--- Data for this task ---

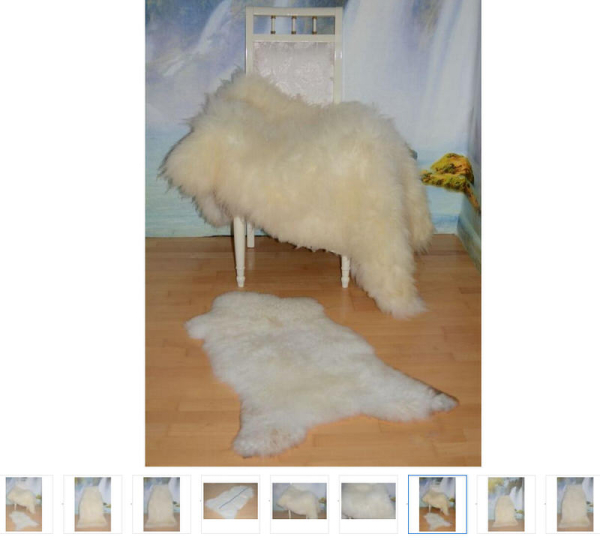 Merino Lammfell Traumfänger XXXXL Übergröße 165cm Unterbett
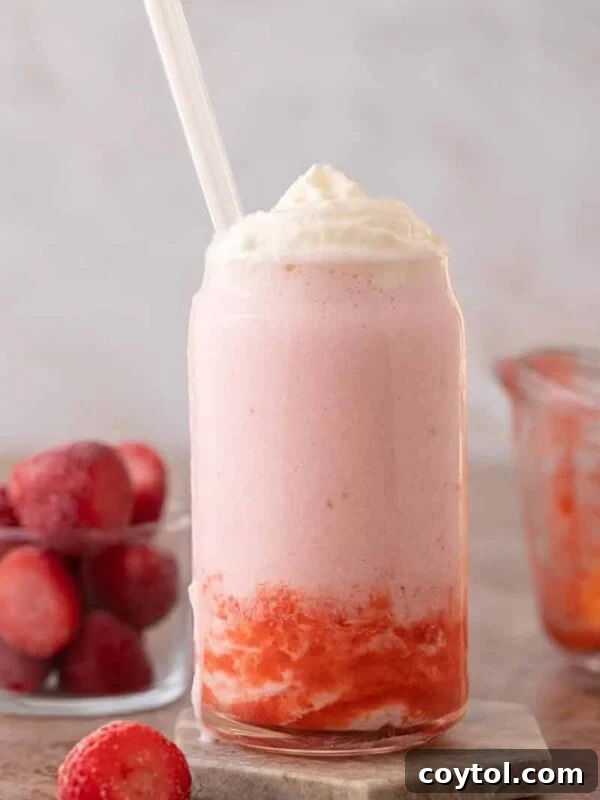 Strawberry creme frappuccino recipe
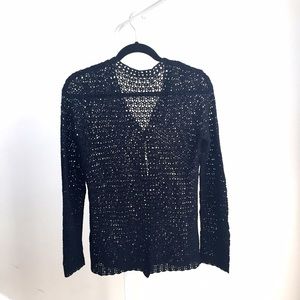Free People Sweaters - NEW boho open knit black cardigan Free People Sweaters - NEW boho open knit black cardigan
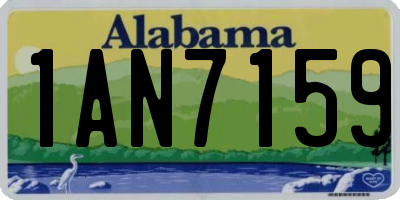 AL license plate 1AN7159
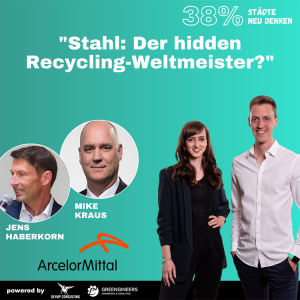 083 Mike Kraus & Jens Haberkorn von ArcelorMittal⎮Stahl: Der hidden Recycling-Weltmeister?”
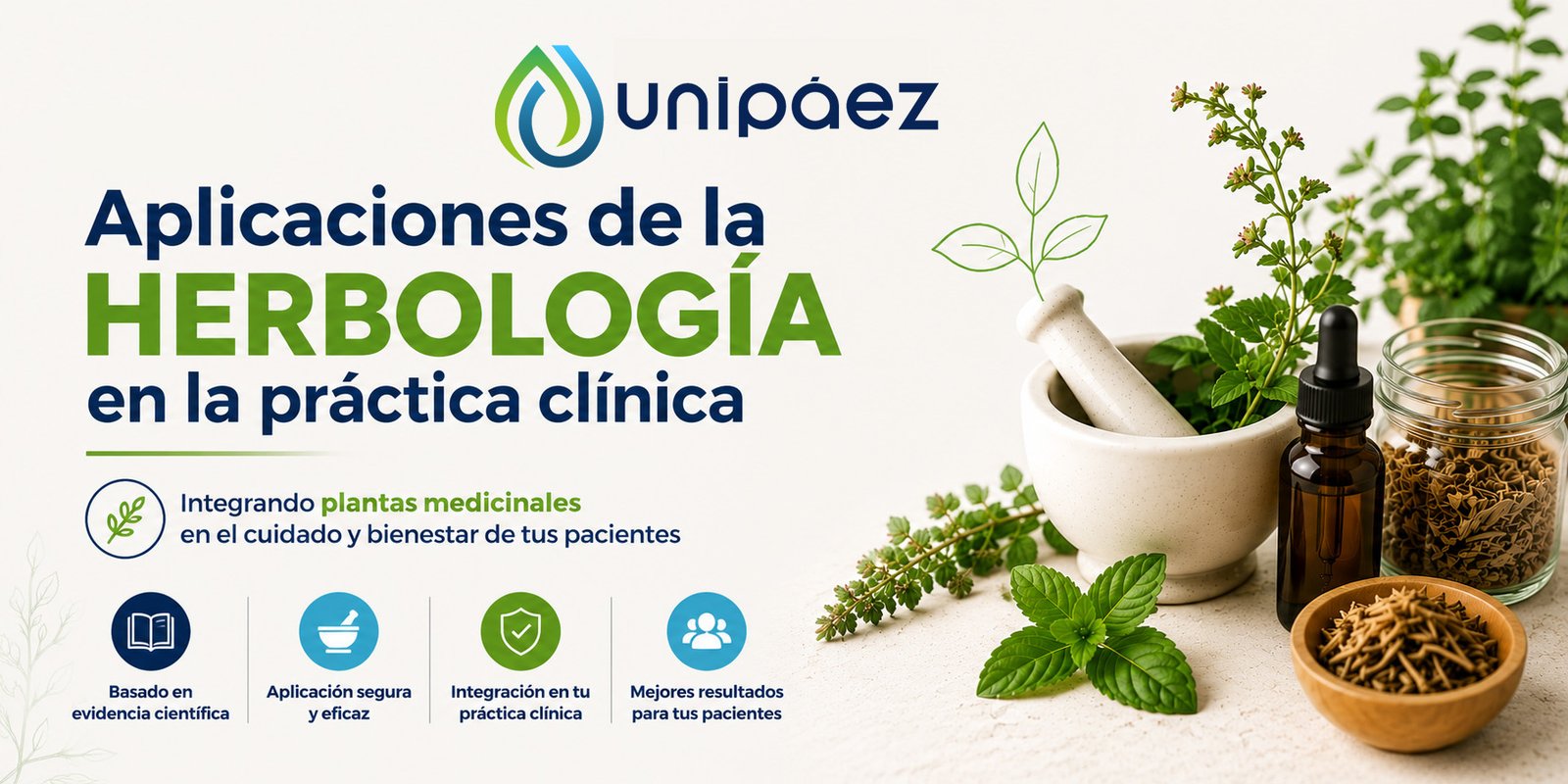 Curso Herbología práctica para el manejo del dolor y elaboración de productos a base de plantas.
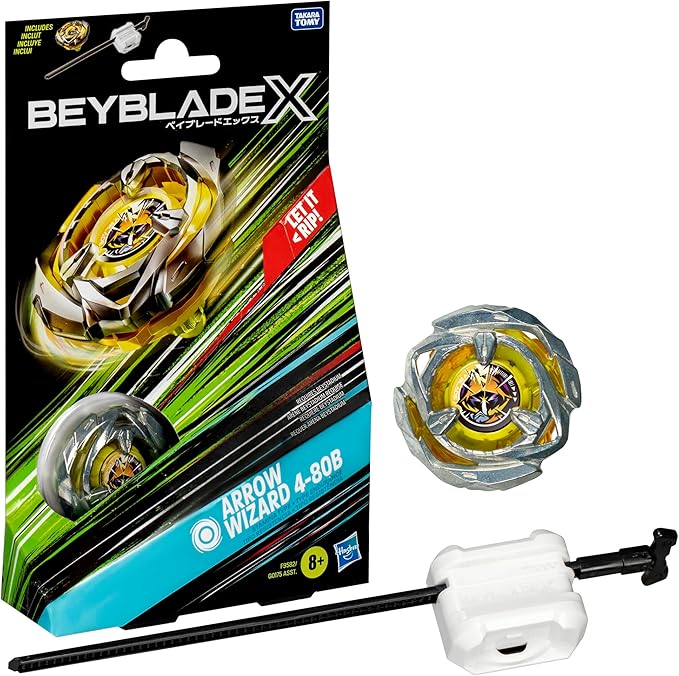 مجموعة أدوات البدء BEYBLADE X Arrow Wizard 4-80B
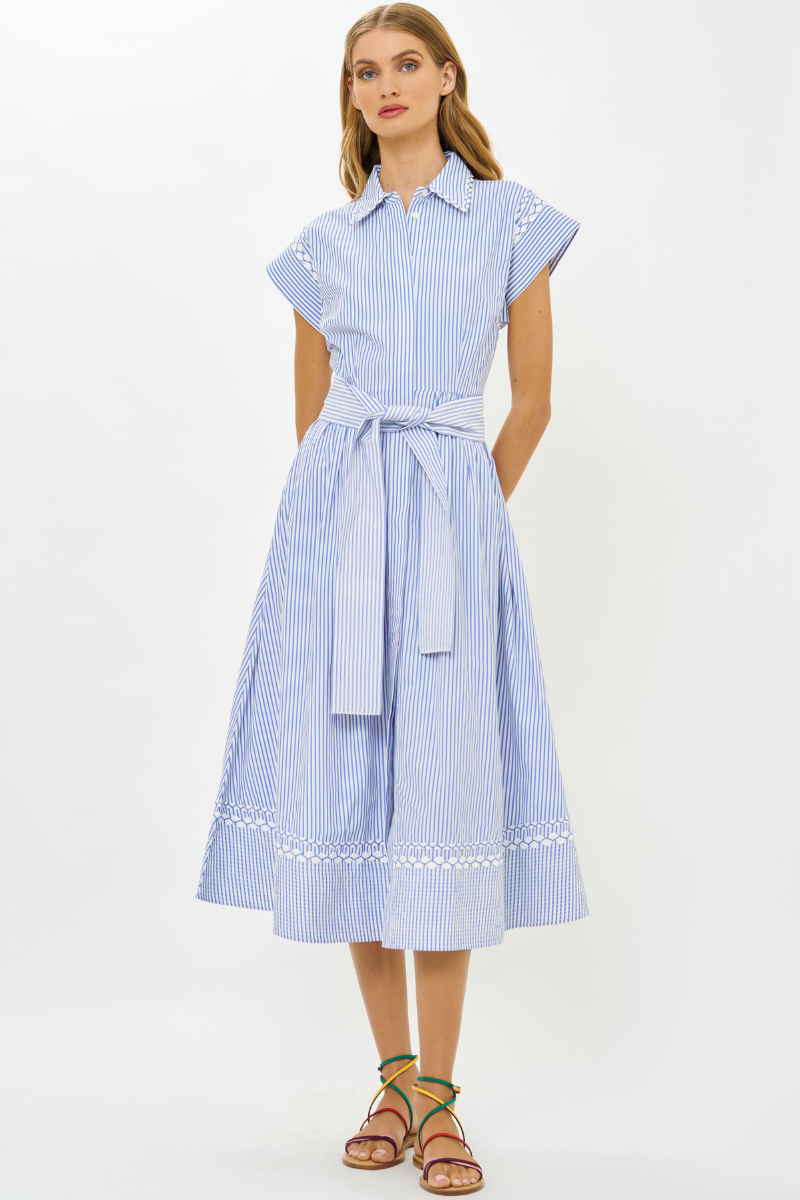 Belted Shirt Dress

---

Aim of the exercise: Retype exactly the lines from the one containing "083 Mike Kraus" through the last line of the records above, both included, and leave out any pictures.

Answer box:
 083 Mike Kraus & Jens Haberkorn von ArcelorMittal⎮Stahl: Der hidden Recycling-Weltmeister?”
 Curso Herbología práctica para el manejo del dolor y elaboración de productos a base de plantas.
 مجموعة أدوات البدء BEYBLADE X Arrow Wizard 4-80B
 Belted Shirt Dress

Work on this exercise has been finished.